(TASK INPUT):
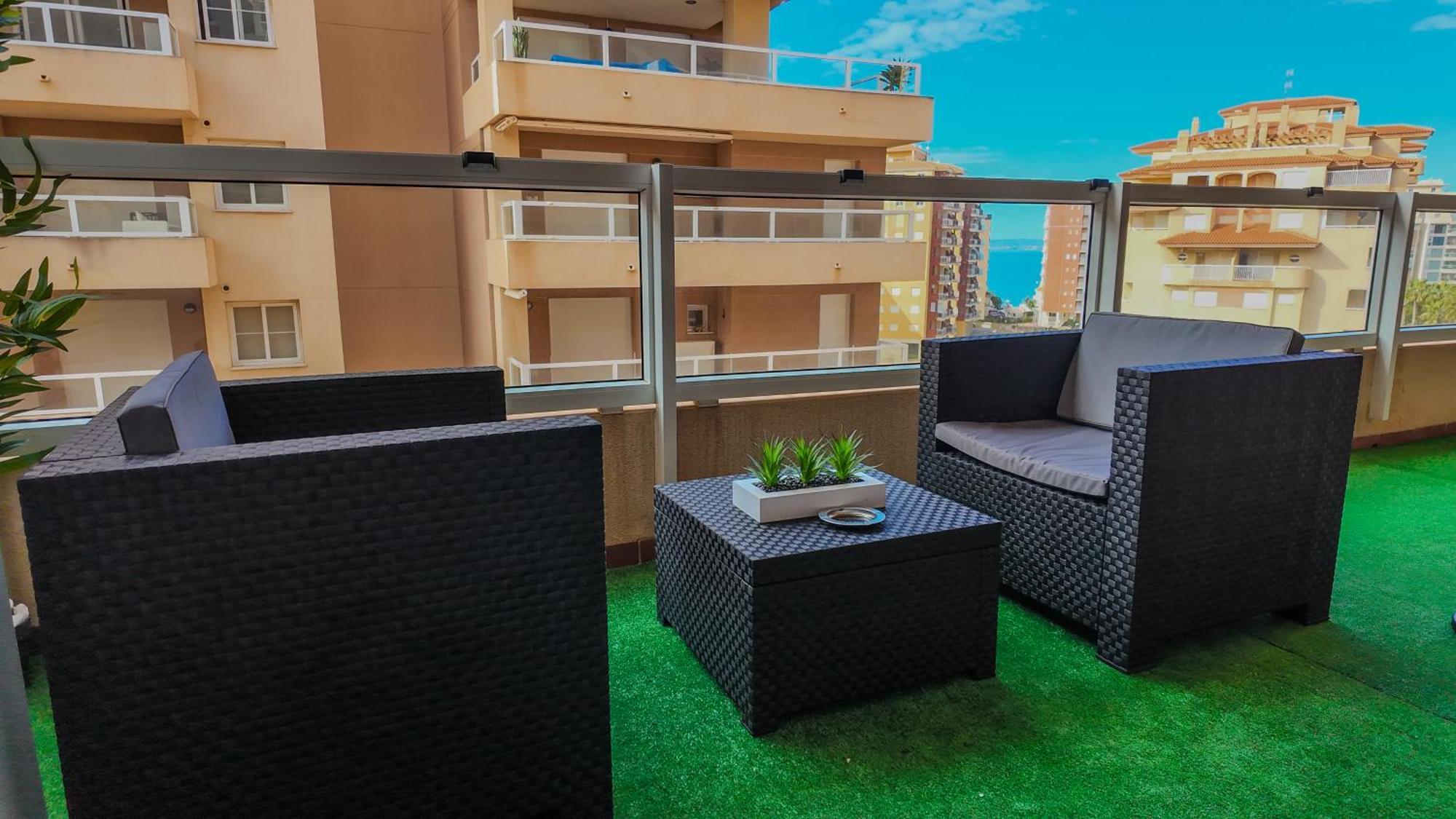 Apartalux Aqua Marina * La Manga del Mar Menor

--

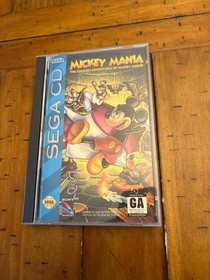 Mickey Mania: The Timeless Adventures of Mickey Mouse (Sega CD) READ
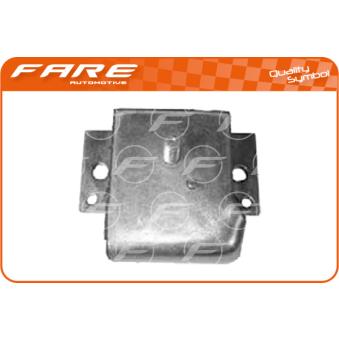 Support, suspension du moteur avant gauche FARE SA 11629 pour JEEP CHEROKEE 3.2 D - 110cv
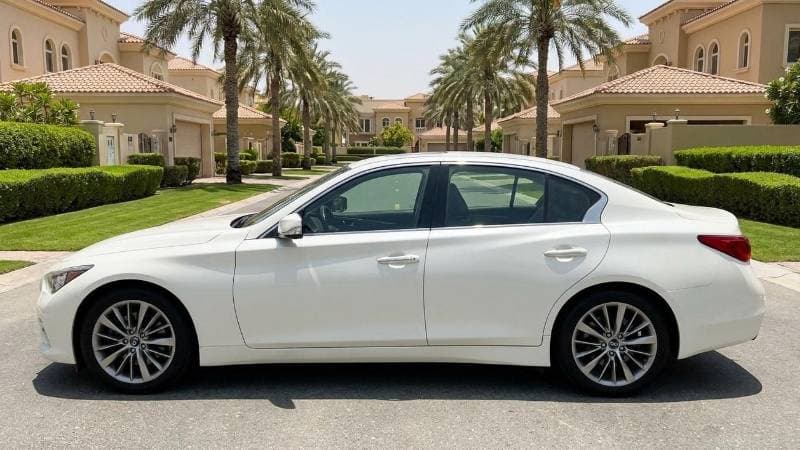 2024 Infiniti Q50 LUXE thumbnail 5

---

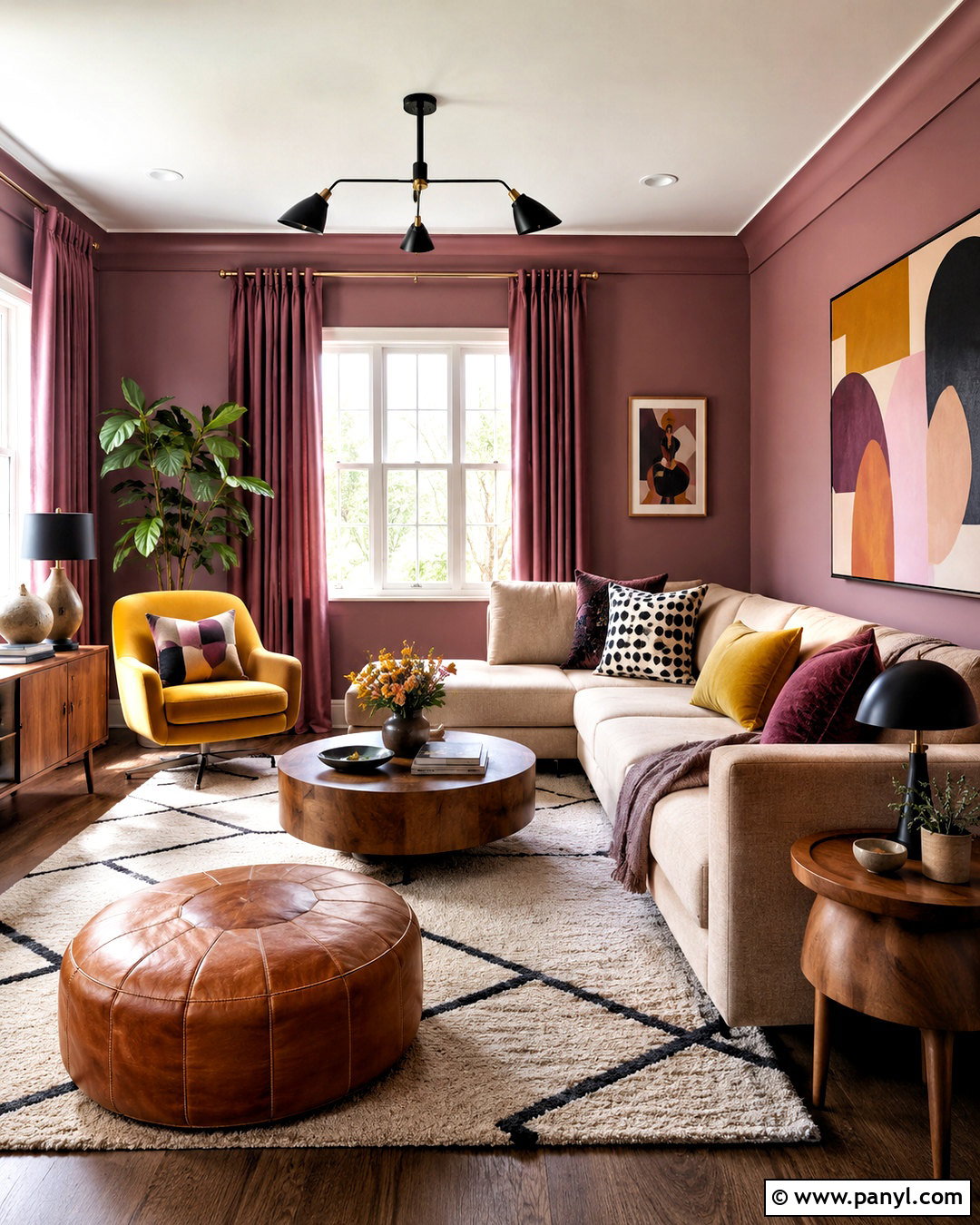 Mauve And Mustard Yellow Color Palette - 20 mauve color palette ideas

(WORK TO COMPLETE):
Transcribe exactly the lines above, beginning at the one with "Mickey Mania: The" and going up to and including the one with "2024 Infiniti Q50 LUXE thumbnail 5". Pictures do not belong in the copy.

(RESULT OF THIS EXERCISE):
 Mickey Mania: The Timeless Adventures of Mickey Mouse (Sega CD) READ
 Support, suspension du moteur avant gauche FARE SA 11629 pour JEEP CHEROKEE 3.2 D - 110cv
 2024 Infiniti Q50 LUXE thumbnail 5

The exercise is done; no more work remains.